De woningopgave draait niet alleen om aantallen

| Door Odette Koldewey

Met de nadruk op bouwen, bouwen, bouwen lopen we het risico de mens uit het oog te verliezen. De focus ligt vooral op kwantiteit waar de vraag moet zijn: waar is behoefte aan?

Ontmoetingsruimte Hart van Vathorst, foto Rufus de Vries

Teveel mensen hebben problemen met het vinden van een betaalbare woning. Er moet worden bijgebouwd, alleen moet we ons niet blindstaren op de aantallen, vindt (concept)ontwikkelaar Gert van Uffelen van Zenzo Maatschappelijk Vastgoed. Zijn de problemen opgelost als we honderd duizend woningen per jaar bijbouwen en vergeten voor wie we eigenlijk bouwen?, vraagt hij zich af. ‘In de discussie over de woningopgave gaat het te weinig over de kwaliteit van wonen en over de vraag of wat er gerealiseerd wordt wel aansluit bij de vraag.’

Nu zitten mensen soms zo in de knel dat ze alles accepteren. ‘Ze zijn blij dat ze ergens kunnen wonen, al is het een omgebouwd kantoorpand op een industrieterrein. De vraag is alleen: is dat toekomstbestendig of worden dit straks doorstroomhuizen, plekken waar mensen zo snel mogelijk weer weg willen? Als straks de vergrijzing over tien, twintig jaar wat afneemt, zitten we met de problemen opgezadeld.’

Leefbaarheid
Huisvesten alleen is niet genoeg, vindt Zenzo dan ook. Nieuwe woningen moeten bijdragen aan de leefbaarheid en het oplossen van maatschappelijke problemen, zoals eenzaamheid. ‘Als je bewoners laat meedenken, dan maak je vanzelf huizen die aansluiten bij de behoefte’, weet Van Uffelen. Hij pleit ervoor om bij wijkontwikkeling zowel toekomstige bewoners als mensen die daar komen werken, bijvoorbeeld in de zorg, mee te laten denken.
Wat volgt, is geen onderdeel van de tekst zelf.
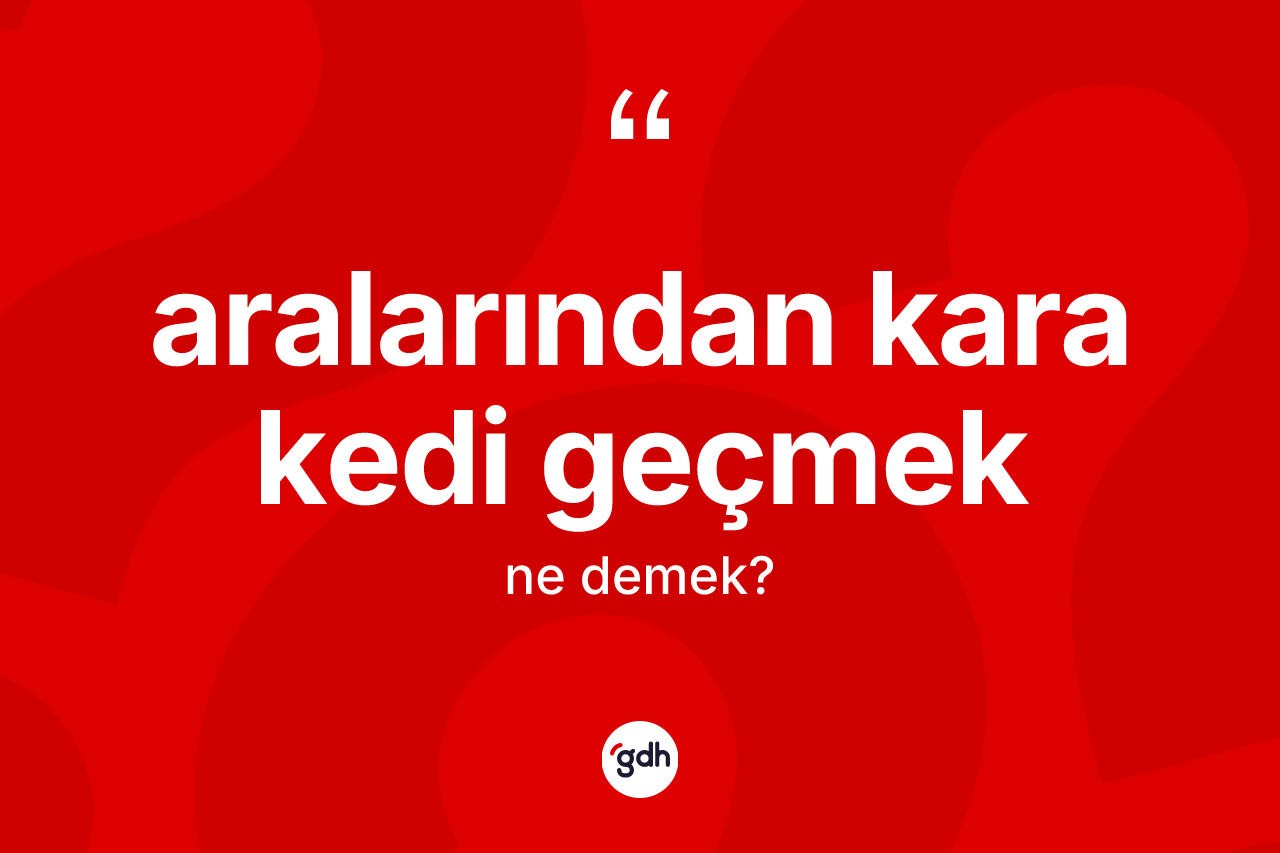 Aralarından kara kedi geçmek ifadesi ne demektir?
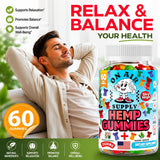 On Air Supply Hemp Oil Gummies 3500mg gummies scattered on a table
Gert van Uffelen, partner Zenzo Maatschappelijk Vastgoed

‘Betrek ook bewoners en omwonenden erbij; dat zijn de mensen die het gebied het beste kennen. Luister naar alle betrokkenen, zodat je straks niet alleen de aantallen hebt gehaald, maar iets hebt gebouwd wat aansluit bij wat mensen in de omgeving willen en ook een doelgroep trekt die daar wil wonen.’

Toevallige ontmoetingen
Bij de ontwikkeling horen ook voorzieningen en ontmoetingsplekken. ‘Ons motto is: “waar je leeft, waar je ontmoet”. Als je dus huisvesting realiseert voor ouderen, maak de openbare ruimte dan zo dat ze de kans krijgen om elkaar tegen te komen.’ Een voorbeeld is Hart van Vathorst in Amersfoort. Het gebouw huisvest twee zorginstellingen voor dementerende ouderen en jongeren met een verstandelijke beperking, maar ook een kindercentrum, kerk, restaurant, tandartspraktijk, kapper en bakkerij. ‘Iedereen komt via de entree binnen en komt eigenlijk direct in de horeca terecht. Daar vinden op een natuurlijke manier ontmoetingen plaats. Wij noemen dat toevallige ontmoetingen. Als je je ergens thuis wil voelen, dan moet er volgens ons een vorm van herkenning zijn.’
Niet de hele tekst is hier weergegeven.